Stored data:
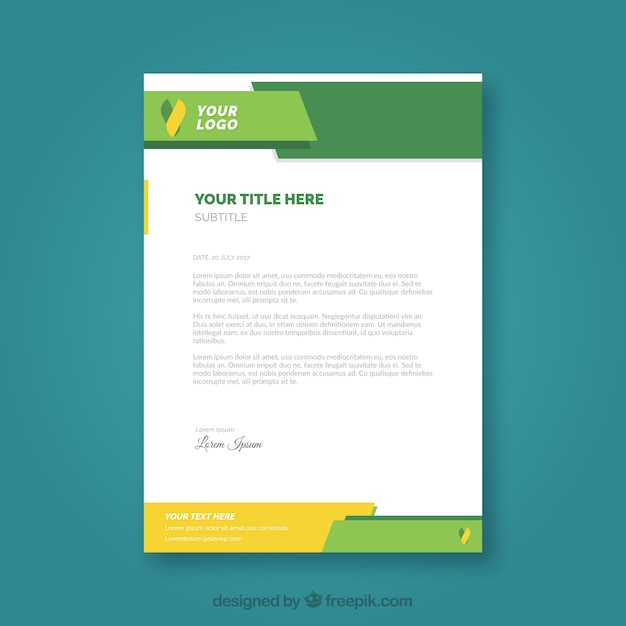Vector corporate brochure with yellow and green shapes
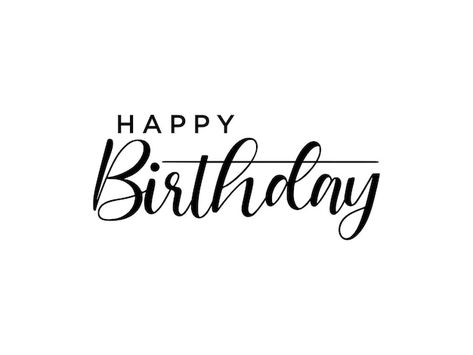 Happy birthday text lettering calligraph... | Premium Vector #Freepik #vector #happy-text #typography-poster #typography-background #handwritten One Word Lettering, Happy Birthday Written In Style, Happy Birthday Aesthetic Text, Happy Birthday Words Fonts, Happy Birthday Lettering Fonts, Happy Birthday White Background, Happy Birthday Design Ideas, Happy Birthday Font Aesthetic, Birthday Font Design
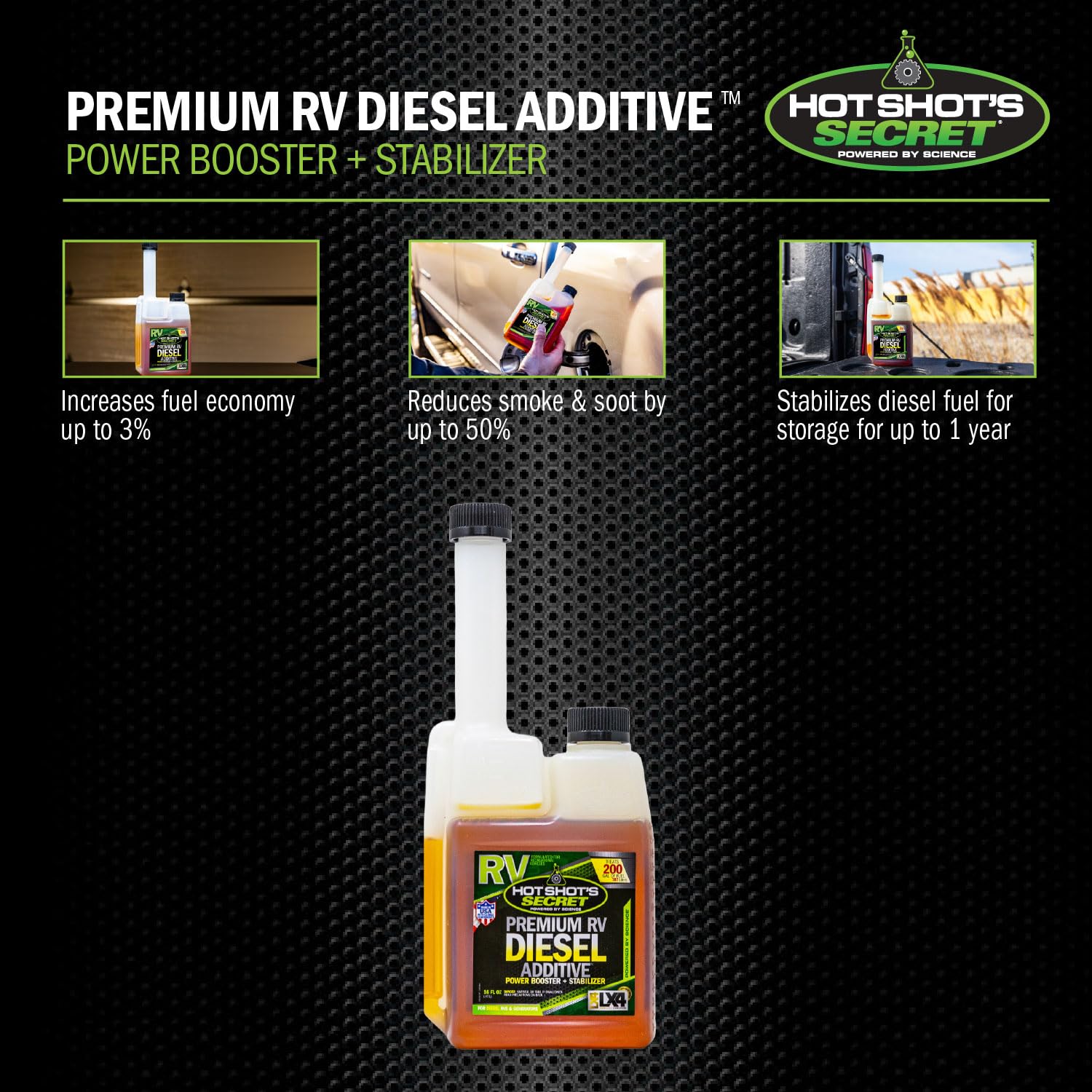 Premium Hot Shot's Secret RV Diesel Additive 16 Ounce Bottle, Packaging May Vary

What you should do:
The whole listing is to be written out exactly; the pictures stay out of the copy.

Solution for this task:
Vector corporate brochure with yellow and green shapes
 Happy birthday text lettering calligraph... | Premium Vector #Freepik #vector #happy-text #typography-poster #typography-background #handwritten One Word Lettering, Happy Birthday Written In Style, Happy Birthday Aesthetic Text, Happy Birthday Words Fonts, Happy Birthday Lettering Fonts, Happy Birthday White Background, Happy Birthday Design Ideas, Happy Birthday Font Aesthetic, Birthday Font Design
 Premium Hot Shot's Secret RV Diesel Additive 16 Ounce Bottle, Packaging May Vary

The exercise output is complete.